A Good Year That Was Bad

A Good Year That Was Bad December 22, 2016

If the memes this December are any indication, 2016 has been a terrible, horrible, no good, very bad year. Everyone, it seems, is done with it. Over it. People just want this year to end. Some are upset by first-world problems, like the passing of beloved celebrities. Some are concerned about more serious matters, like the political future of America. And yet others are heartbroken and outraged by the carnage we have seen in places like Aleppo. We count ourselves among the latter. But that said, at a personal level, this has been a wonderful year for us. How do we celebrate one of the most beautiful years of our lives, while recognizing the devastation it brought to so many others?

A “Sarajevo Rose.” The scars caused by mortar shell explosions that were filled with red resin to memorialize the dead.

We rang in the new year having been engaged for just two months. The first week of January was the first week of wedding planning. Our engagement was short, but it was a meaningful season during which we grew increasingly closer. The weeks of premarital counseling we received from our pastor brought growth, and the development of a friendship with him. We got married in May, and our small wedding was everything we could have hoped for. We then went on a three-week honeymoon to countries we’d both always wanted to visit. The rest of the year saw us getting settled into the rhythm of married life—sharing a home for the first time, developing new friendships, and going deeper in the relationships that have grown from our church community. Even our relationships with our families have become closer and more authentic.

Our year in review, then, is overwhelmingly positive. But the same year that has brought us unprecedented joy has left tens of thousands of Syrians with unimaginable grief. Even as we celebrate our union and the life we’re building together, we’re reminded of those who started the year with a spouse and a family, only to lose it all to war. It is sobering to think that the beauty we’ve seen coexists with such darkness. It is hard to accept that the world can contain both at the same time. It is difficult to understand how God can be present in all of this. And yet He is.

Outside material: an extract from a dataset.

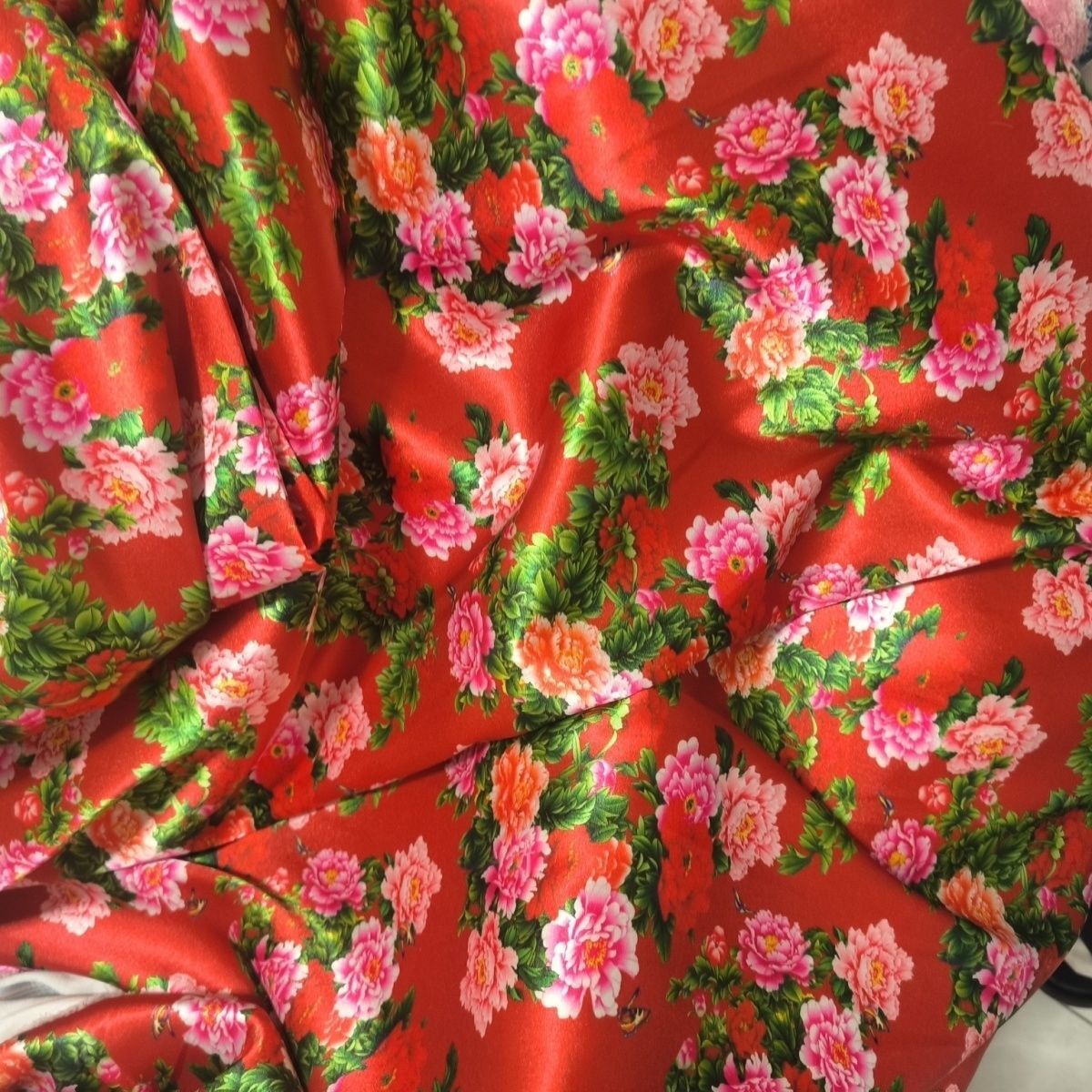 Acetat-Satin-Stoff mit Blumend – Sewing And Textile Bewertung und Preis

Earlier this year we had the opportunity to spend a few days in Sarajevo, the capital of Bosnia and Herzegovina. It wasn’t as long as we would have liked, but the city left a deep impact on us. Two decades after the Bosnian War left the city in ruins, the devastation is still staggeringly visible. Everywhere you go you see bombed-out buildings, walls peppered with bullet holes, and streets damaged by mortar explosions. Downtown there’s a monument to the children killed during the war. Engraved metal cylinders list the names of more than 1,500 children, all of whom would have been about our age had they survived. We met a man—exactly Constantino’s age—who was 12 when the war started. He told us that he used to walk several kilometers each day to find water, even as the city was being shelled from the surrounding mountains. And yet he was, like everyone we met in Sarajevo, a cheerful, optimistic, friendly soul.

One afternoon we visited a museum exhibit memorializing the Srebrenica massacre. It included videos of survivors telling their stories. Their tales and tears broke our hearts. The amount of pain we humans inflict on each other is hard to comprehend. That evening we had dinner at a restaurant that was a veritable garden, tucked inside a pockmarked building, off a small, dark street. The indoor beauty of this restaurant was a sharp contrast to the dreariness outside. Sitting there, we got into a heated argument over some wartime art we’d seen earlier. We were both laughing incredulously as we argued—amazed that the other could be so deeply wrong about, well, everything we were talking about. And then it dawned on us that it was the first time we’d laughed since the museum. Looking at the tables around us, at the smiles of the other patrons, and at the care that went into making that space feel like a haven, we understood that even in the midst of misery, humans can craft room for grace. We believe it’s in that love, in those moments—however fleeting—of respite that God shows up.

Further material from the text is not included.